As a part of our series about business leaders who are shaking things up in their industry, I had the pleasure of interviewing Nathan Buchbinder.

Nathan Buchbinder co-founded Proscia, a leading digital and computational pathology software company in 2014, where he currently serves as the Chief Product Officer. During his tenure, Proscia has earned recognition as a category leader, bringing to market best-in-class image management software and artificial intelligence applications for laboratory medicine.


Thank you so much for doing this with us! Before we dig in, our readers would like to get to know you a bit more. Can you tell us a bit about your “backstory”? What led you to this particular career path?

I’ve always been interested in healthcare, and specifically the tremendous impact that medical devices can have on managing disease and improving patient outcomes. It was this interest that led me to study Biomedical Engineering at Johns Hopkins. While at Hopkins, I connected with one of our co-founders and now CEO, David West, who was doing research demonstrating how algorithms could be used to recognize complex patterns in images of tissue and predict cancer outcomes. David introduced me to his research — and the challenges inherent in the traditional practice of pathology — and we immediately recognized the opportunity ahead. Shortly after, we joined forces with Coleman, our third co-founder and now CTO, and Proscia was born.

Can you tell our readers what it is about the work you’re doing that’s disruptive?
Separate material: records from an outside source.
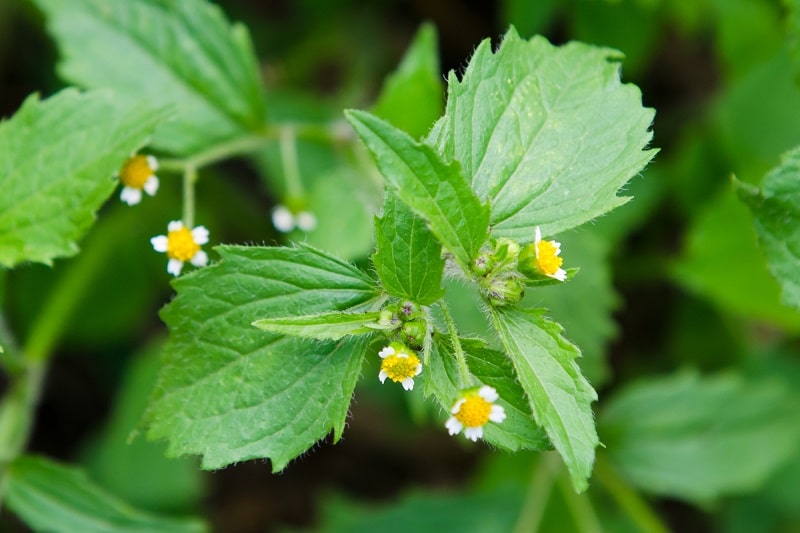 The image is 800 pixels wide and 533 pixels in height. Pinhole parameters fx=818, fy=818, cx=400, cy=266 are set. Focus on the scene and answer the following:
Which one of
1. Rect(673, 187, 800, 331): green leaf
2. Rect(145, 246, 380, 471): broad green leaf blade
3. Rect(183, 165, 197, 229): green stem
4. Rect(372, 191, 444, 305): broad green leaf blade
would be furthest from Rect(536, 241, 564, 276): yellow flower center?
Rect(673, 187, 800, 331): green leaf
The practice of pathology, or the standard of care by which diseases like cancer are diagnosed, has remained the same for the past 150 years. Despite the widespread digitization of almost all other healthcare domains, pathology still centers around a pathologist looking through a microscope to evaluate biopsies affixed to glass slides. This process is manual and subjective, challenges that are further compounded by a shrinking pathologist population and a rising cancer burden.

Proscia is a digital pathology software company that is taking on the fight against cancer by disrupting the traditional practice of pathology. Digital pathology, which captures high-resolution images of biopsy slides, enables pathologists to work more efficiently and can drive meaningful improvements in accuracy to reduce the amount of time it takes to receive a diagnosis and improve patient outcomes. What’s more, AI solutions, like the ones that we’re building, can be applied to these digitized images to augment what pathologists can see. In doing so, this AI can unlock new insights that advance research breakthroughs and improve the treatment that patients receive.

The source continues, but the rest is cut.